Contribution Guide
You want to contribute to the project? That's great stuff! Currently I'm checking how tests could be integrated into gitlab to allow the CI/CD workflow we'd all love to have. But until then this will be compensated by code-reviews.
Workflow
The project uses a plugin architecture. The aim is to create separateable components that are independent of each other. Contributing with one of those is the easiest since they are standalone and can be even plugged in and out during runtime.
The core structure is based on an inheritance tree of classes that mimic the structure of the matplotlib inheritance. If you want to write a plugin you should check out which class already implements some properties and inherit from it. Normally this should be the Artist
or some other class that already inherits from Artist
. If your class can't implement the properties of Artist
you need to inherit from Base
. These are the two superclasses that are recognized by the figure and included in the initialization flow.

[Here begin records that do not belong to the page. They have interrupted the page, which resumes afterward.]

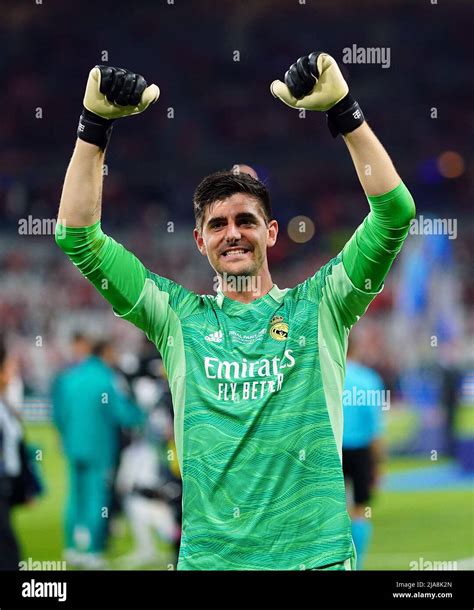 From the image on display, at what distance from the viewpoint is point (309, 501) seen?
3.24 m

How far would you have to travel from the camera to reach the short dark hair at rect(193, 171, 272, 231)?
3.54 meters

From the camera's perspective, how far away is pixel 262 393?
10.8ft

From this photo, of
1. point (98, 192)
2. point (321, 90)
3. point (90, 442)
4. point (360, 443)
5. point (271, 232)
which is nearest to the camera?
point (321, 90)

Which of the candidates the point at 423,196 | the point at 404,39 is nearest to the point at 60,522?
the point at 423,196

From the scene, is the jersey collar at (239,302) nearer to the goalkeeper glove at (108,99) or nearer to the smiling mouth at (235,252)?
the smiling mouth at (235,252)

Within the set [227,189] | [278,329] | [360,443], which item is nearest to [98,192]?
[227,189]

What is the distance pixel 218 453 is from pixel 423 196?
20986mm

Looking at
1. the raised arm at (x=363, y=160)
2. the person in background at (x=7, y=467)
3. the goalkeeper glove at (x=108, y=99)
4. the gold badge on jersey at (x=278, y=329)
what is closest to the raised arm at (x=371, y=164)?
the raised arm at (x=363, y=160)

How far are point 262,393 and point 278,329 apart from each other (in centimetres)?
23

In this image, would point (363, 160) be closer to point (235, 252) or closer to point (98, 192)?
point (235, 252)

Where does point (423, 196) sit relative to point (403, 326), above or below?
above

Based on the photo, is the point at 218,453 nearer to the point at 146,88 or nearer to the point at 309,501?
the point at 309,501

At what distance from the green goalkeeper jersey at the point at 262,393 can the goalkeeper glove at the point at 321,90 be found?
273 mm

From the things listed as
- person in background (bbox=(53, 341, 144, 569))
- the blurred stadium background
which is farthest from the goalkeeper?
the blurred stadium background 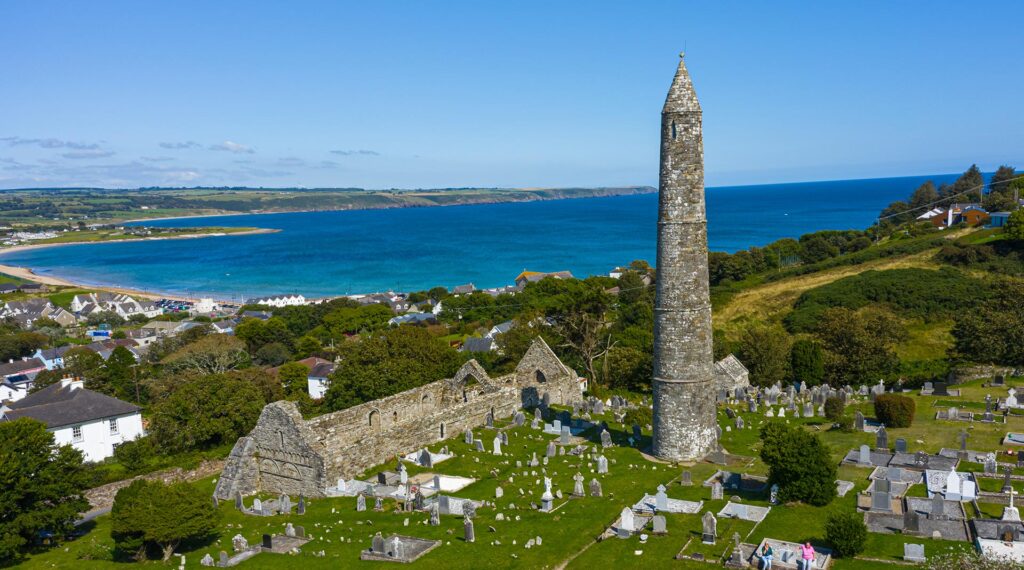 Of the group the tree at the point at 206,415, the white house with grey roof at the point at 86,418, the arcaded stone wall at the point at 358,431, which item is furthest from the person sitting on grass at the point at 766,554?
the white house with grey roof at the point at 86,418

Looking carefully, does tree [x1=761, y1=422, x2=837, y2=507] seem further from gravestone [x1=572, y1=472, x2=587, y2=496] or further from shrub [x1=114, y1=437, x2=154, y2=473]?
shrub [x1=114, y1=437, x2=154, y2=473]

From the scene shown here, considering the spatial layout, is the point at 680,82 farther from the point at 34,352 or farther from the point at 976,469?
the point at 34,352

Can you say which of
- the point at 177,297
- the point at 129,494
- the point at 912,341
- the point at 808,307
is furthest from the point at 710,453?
the point at 177,297

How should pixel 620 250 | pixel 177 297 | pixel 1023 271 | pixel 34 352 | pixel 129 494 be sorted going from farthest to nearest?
pixel 620 250, pixel 177 297, pixel 34 352, pixel 1023 271, pixel 129 494

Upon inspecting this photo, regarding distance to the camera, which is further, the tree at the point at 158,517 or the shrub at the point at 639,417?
the shrub at the point at 639,417

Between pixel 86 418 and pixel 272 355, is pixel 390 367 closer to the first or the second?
pixel 86 418

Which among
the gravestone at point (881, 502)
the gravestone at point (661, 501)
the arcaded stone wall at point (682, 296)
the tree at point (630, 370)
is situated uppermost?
the arcaded stone wall at point (682, 296)

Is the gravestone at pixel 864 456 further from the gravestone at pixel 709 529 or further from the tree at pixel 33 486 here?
the tree at pixel 33 486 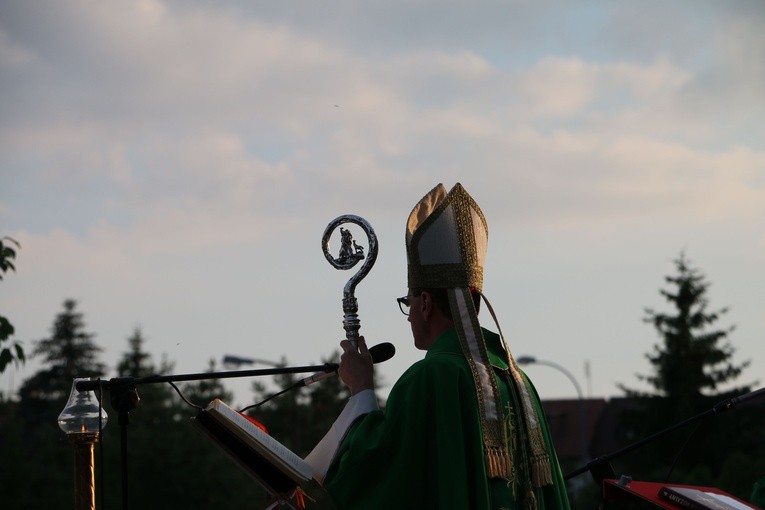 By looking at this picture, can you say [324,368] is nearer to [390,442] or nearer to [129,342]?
[390,442]

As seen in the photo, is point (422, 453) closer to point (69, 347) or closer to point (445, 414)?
point (445, 414)

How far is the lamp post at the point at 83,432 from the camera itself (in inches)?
237

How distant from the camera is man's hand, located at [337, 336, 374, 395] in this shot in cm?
568

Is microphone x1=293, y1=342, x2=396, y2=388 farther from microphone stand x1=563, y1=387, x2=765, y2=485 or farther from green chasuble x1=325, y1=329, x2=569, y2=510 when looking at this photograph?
Answer: microphone stand x1=563, y1=387, x2=765, y2=485

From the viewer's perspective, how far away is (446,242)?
599cm

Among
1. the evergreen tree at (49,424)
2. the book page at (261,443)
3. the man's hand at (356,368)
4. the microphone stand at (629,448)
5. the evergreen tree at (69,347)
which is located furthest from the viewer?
the evergreen tree at (69,347)

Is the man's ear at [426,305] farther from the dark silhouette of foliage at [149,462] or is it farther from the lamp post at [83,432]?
the dark silhouette of foliage at [149,462]

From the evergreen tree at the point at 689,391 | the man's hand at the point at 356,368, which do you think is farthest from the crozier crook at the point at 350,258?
the evergreen tree at the point at 689,391

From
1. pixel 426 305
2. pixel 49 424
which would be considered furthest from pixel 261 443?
pixel 49 424

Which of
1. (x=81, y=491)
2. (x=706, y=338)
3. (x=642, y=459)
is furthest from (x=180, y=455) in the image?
(x=81, y=491)

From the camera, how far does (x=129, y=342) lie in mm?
62000

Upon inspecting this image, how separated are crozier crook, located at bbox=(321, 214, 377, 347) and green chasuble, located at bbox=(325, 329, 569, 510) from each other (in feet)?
1.26

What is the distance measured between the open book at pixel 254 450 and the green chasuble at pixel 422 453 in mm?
180

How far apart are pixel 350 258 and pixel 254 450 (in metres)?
1.08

If you don't do that your component will be usable in QML (i.e. no error appears) but it won't be called by the Figure
wrapper object and thus not initialize. If you 'just' want to write a plugin for yourself you can go to Write a Plugin.
If you want to write a plugin to integrate it into the project create a branch named plugin/<name_of_your_plugin>
and create a merge request for me. Of course while the request is pending you can already use it as described above.
Documentation
Whenever you want to contribute make sure your plugin/feature comes with sufficient documentation. The documentation is a Gitlab Wiki page and must include the following and obey the structure of the component pages: - Docstrings under non-property methods (if they have a complicated data flow) in the Sphinx format - At least one Example that can be copy pasted - Description of the QML properties - Description of the Python interface for the QML properties
This is to ensure that your code can be properly reviewed, debugged, tested and extended later on.